Em relação aos direitos políticos, vale lembrar que apenas o trânsito em julgado da sentença levaria à suspensão dos direitos de votar e ser votado, pelo tempo que durar a pena. Se a Ficha Limpa antecipa esses efeitos apenas para o direito de ser candidato, a suspensão completa da capacidade política se daria apenas quando não coubessem mais os recursos.
DOSIMETRIA DA PENA
O processo contra Lula é controverso. Poucas sentenças penais foram tão debatidas e escrutinadas antes. Um dos pontos que suscitaram maior discussão foi o da dosimetria da pena. Para definir a pena de um réu condenado, os juízes seguem um método para arbitrar a dose correta de pena no caso concreto diante da flexibilidade deixada pela lei.
Assim, para cada crime há uma pena mínima e máxima. No caso do crime de corrupção passiva, ela vai de 2 a 12 anos. Já para a lavagem de dinheiro, de 3 a 10 anos. Caso fosse condenado às penas mínimas, a sentença teria estabelecido 5 anos. Porém, ao fazer as considerações de atenuantes, agravantes e avaliação das causas de aumento e de diminuição da pena, o juiz Sérgio Moro atribuiu a pena de 9 anos e meio a Lula.
Alguns analistas apontam que ao fundamentar a elevação da pena além do mínimo, o juiz teria se utilizado de elementos que extrapolam a eventual responsabilidade de Lula, como por exemplo o fato de se tratar de um esquema amplo, de corrupção sistêmica, no qual outros, inclusive seu partido, teriam se beneficiado. Da mesma forma, houve apontamentos críticos sobre o aumento da pena em função do cargo ocupado, o que não seria um fato discriminante para fins de agravamento do crime praticado.
O FUTURO DA LAVA JATO E A INTERFERÊNCIA NAS ELEIÇÕES
O julgamento de Lula provocará reflexões que irão além das consequências para a sua liberdade e para suas pretensões de candidatura. O debate provocado sobre a eventual seletividade do sistema de Justiça brasileiro pode levar instituições como o Ministério Público – em especial os Ministérios Públicos dos estados – à revisão de seus métodos de definição de prioridades. Por um lado, caso a defesa de Lula consiga suspender os efeitos da Ficha Limpa e ser candidato, tanto a eficácia da festejada lei quanto a capacidade da Lava Jato de punir as mais altas lideranças políticas serão questionadas. Por outro lado, se, ao fim da longa teia de possibilidades processuais, Lula for impedido de participar do pleito de 2018, a própria legitimidade das eleições será questionada. Tanto mais por ocorrer dois anos depois do controverso impeachment contra sua sucessora.

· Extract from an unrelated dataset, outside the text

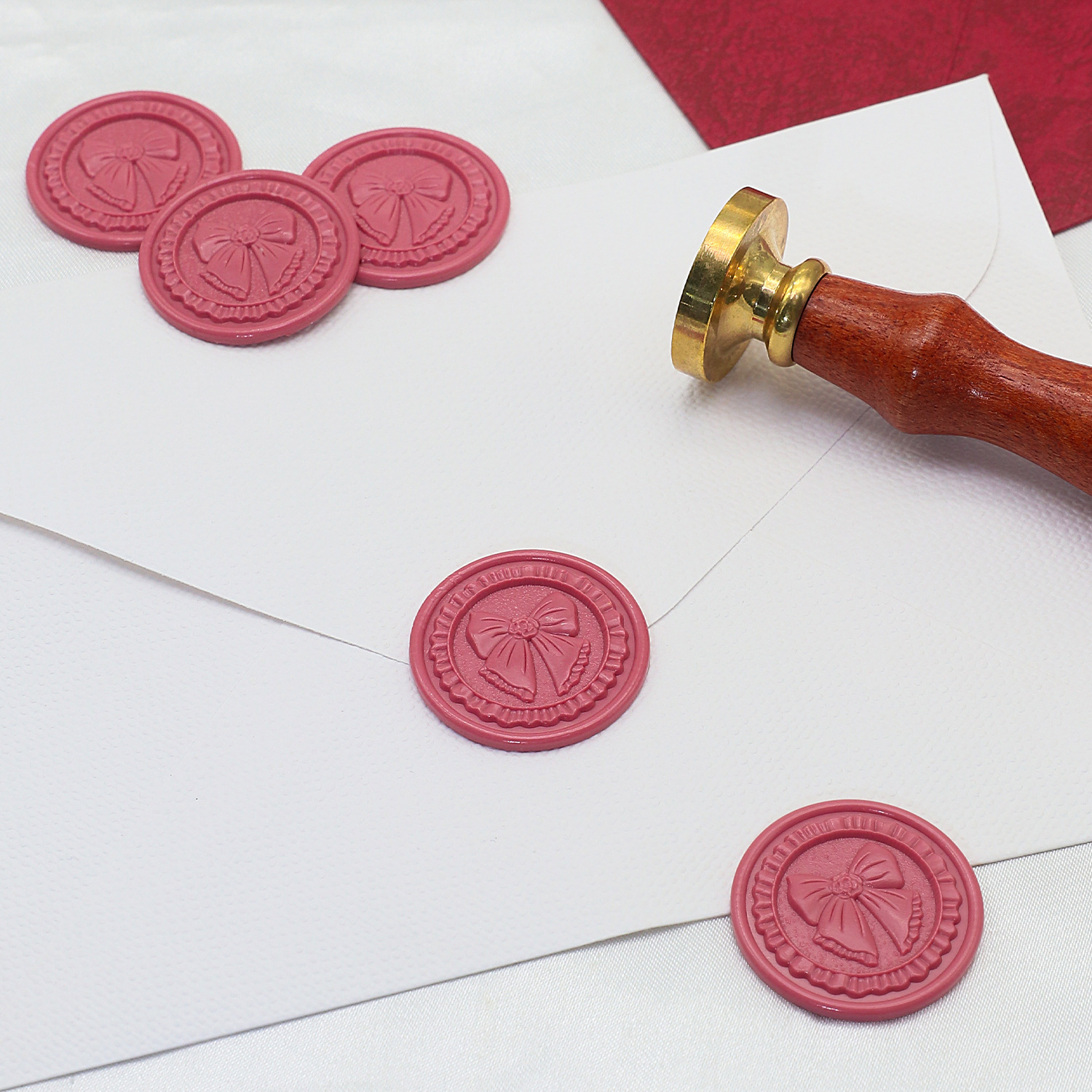 Ruffled Bow Wax Seal Stickers thumbnail 4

O fato de que Lula é apontado seguidamente como o candidato preferido nas pesquisas de opinião torna a tarefa dos juízes que lidarão com os seus recursos processuais espinhosa. Não surpreende, portanto, que alguns dos adversários de Lula, como Fernando Henrique Cardoso e Michel Temer, tenham afirmado que preferem ver o petista derrotado nas urnas. Em breve saberemos se também os juízes vão preferir delegar às urnas a dura tarefa de julgar Lula.